I found code for generating Sierpinski carpet at http://rosettacode.org/wiki/Sierpinski_carpet#Scheme - but it won't run in the DrRacket environment or WeScheme. Could someone provide solutions for either environments?
It looks like this code runs fine in DrRacket after prepending a
#lang racket
line indicating that the code is written in Racket. I can provide more detail if this is not sufficient.

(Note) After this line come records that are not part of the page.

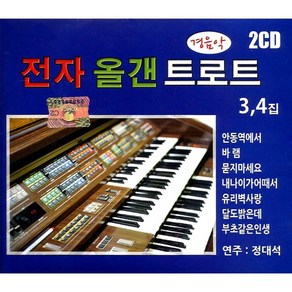 2CD_경음악전자올갠트로트3+4집/오르겐/올겐/정대석/안동역에서/바램/유리벽사랑/내나이가어때서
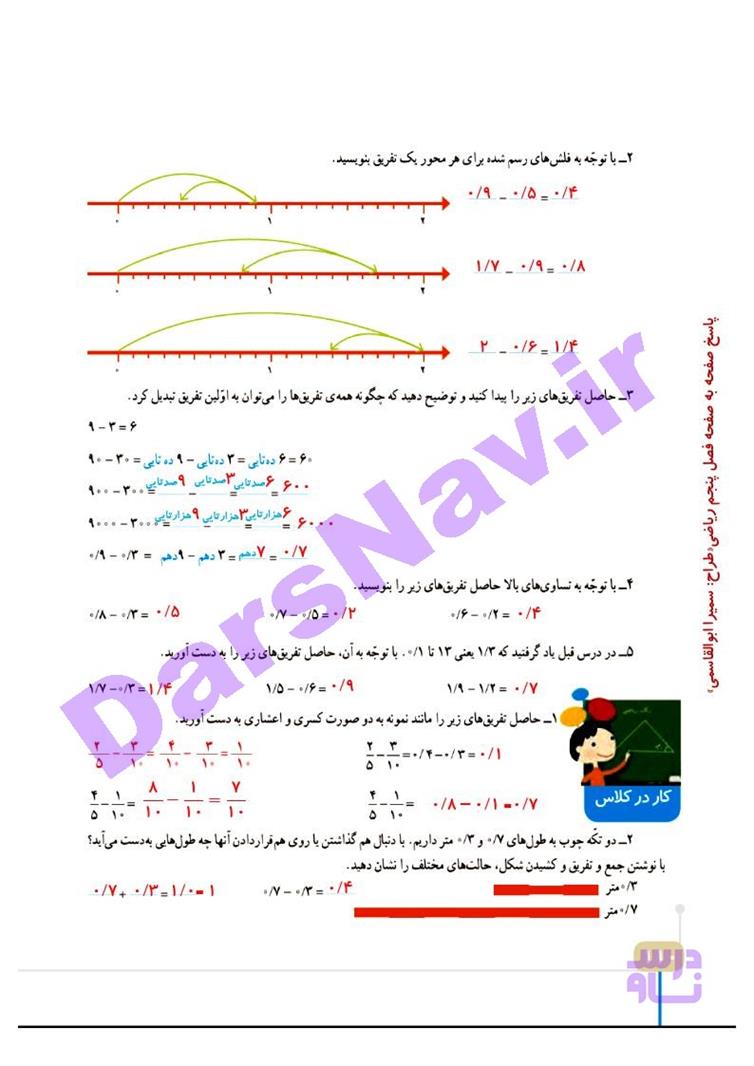 پاسخ فصل پنج ریاضی چهارم  صفحه 14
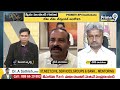 LIVE🔴-స్పీడు పెంచండి గురూ..! | Pawan Kalyan Meets CBN | PM Modi | Prime9 News  - 11:11:06 min - News - Video
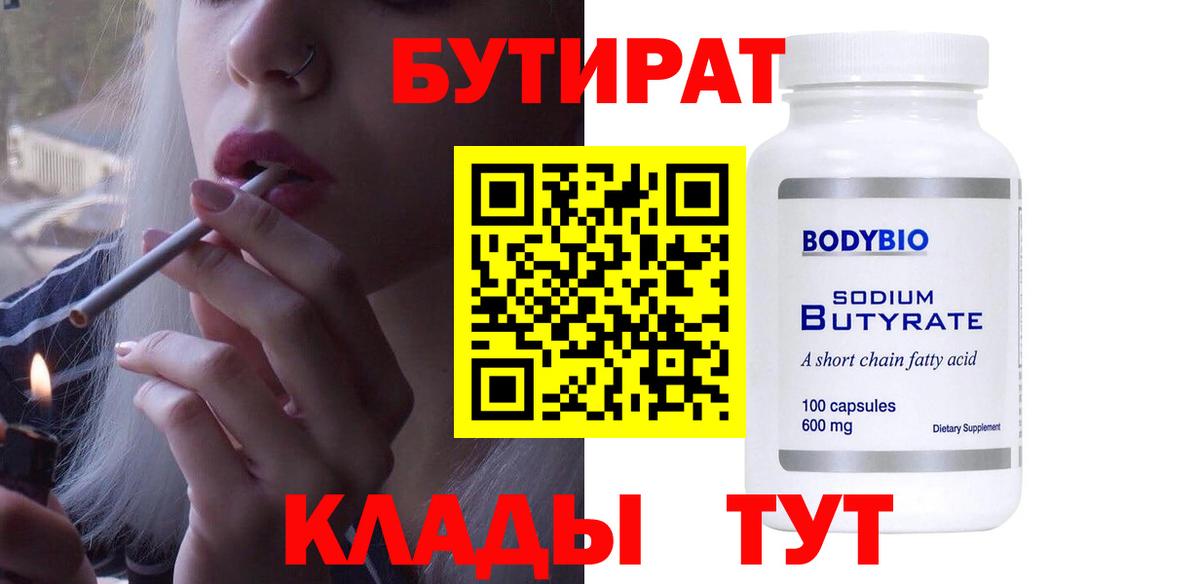 БУТИРАТ бутандиол Сегежа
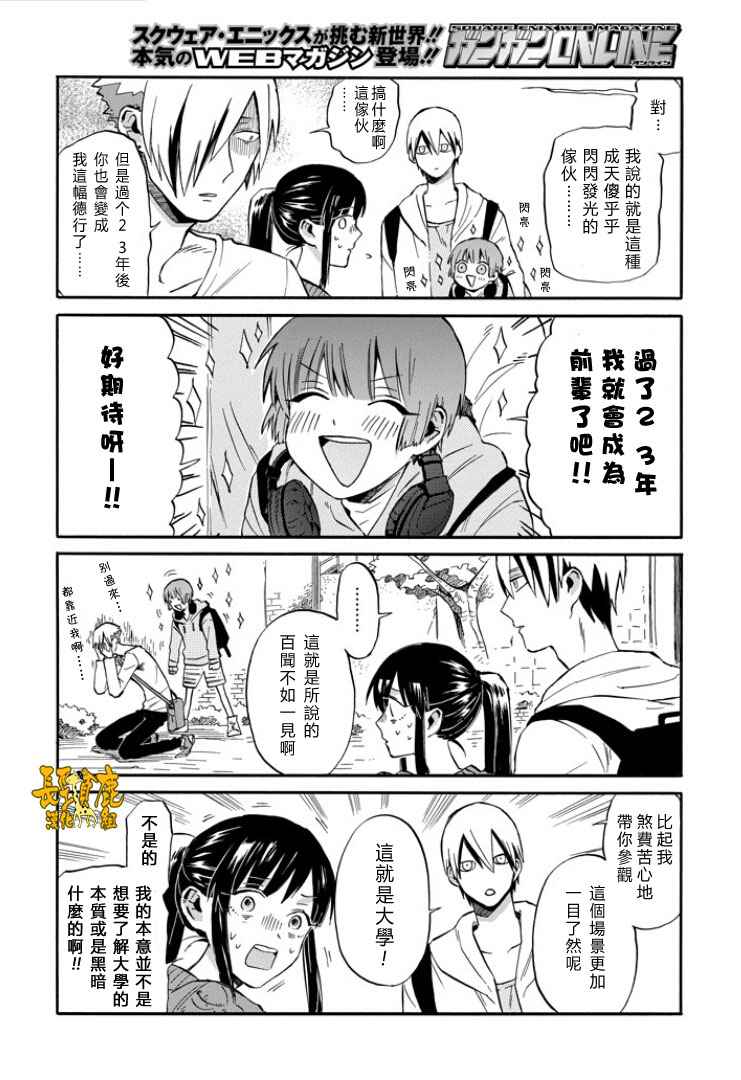 《翼国留学记》漫画 005话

I've translated the program to run under WeScheme. I've made a few changes: rather than use (display) and (newline), I use the image primitives that WeScheme provides to make a slightly nicer picture. You can view the running program and its source code. For convenience, I also include the source here:
;; Sierpenski carpet.
;; http://rosettacode.org/wiki/Sierpinski_carpet#Scheme
(define SQUARE (square 10 "solid" "red"))
(define SPACE (square 10 "solid" "white"))
(define (carpet n)
(local [(define (in-carpet? x y)
(cond ((or (zero? x) (zero? y))
#t)
((and (= 1 (remainder x 3)) (= 1 (remainder y 3)))
#f)
(else
(in-carpet? (quotient x 3) (quotient y 3)))))]
(letrec ([outer (lambda (i)
(cond
[(< i (expt 3 n))
(local ([define a-row
(letrec ([inner
(lambda (j)
(cond [(< j (expt 3 n))
(cons (if (in-carpet? i j)
SQUARE
SPACE)
(inner (add1 j)))]
[else
empty]))])
(inner 0))])
(cons (apply beside a-row)
(outer (add1 i))))]
[else
empty]))])
(apply above (outer 0)))))
(carpet 3)
Here is the modified code for WeScheme. WeScheme don't support do-loop syntax, so I use unfold from srfi-1 instead
(define (unfold p f g seed)
(if (p seed) '()
(cons (f seed)
(unfold p f g (g seed)))))
(define (1- n) (- n 1))
(define (carpet n)
(letrec ((in-carpet?
(lambda (x y)
(cond ((or (zero? x) (zero? y))
#t)
((and (= 1 (remainder x 3)) (= 1 (remainder y 3)))
#f)
(else
(in-carpet? (quotient x 3) (quotient y 3)))))))
(let ((result
(unfold negative?
(lambda (i)
(unfold negative?
(lambda (j) (in-carpet? i j))
1-
(1- (expt 3 n))))
1-
(1- (expt 3 n)))))
(for-each (lambda (line)
(begin
(for-each (lambda (char) (display (if char #\# #\space))) line)
(newline)))
result))))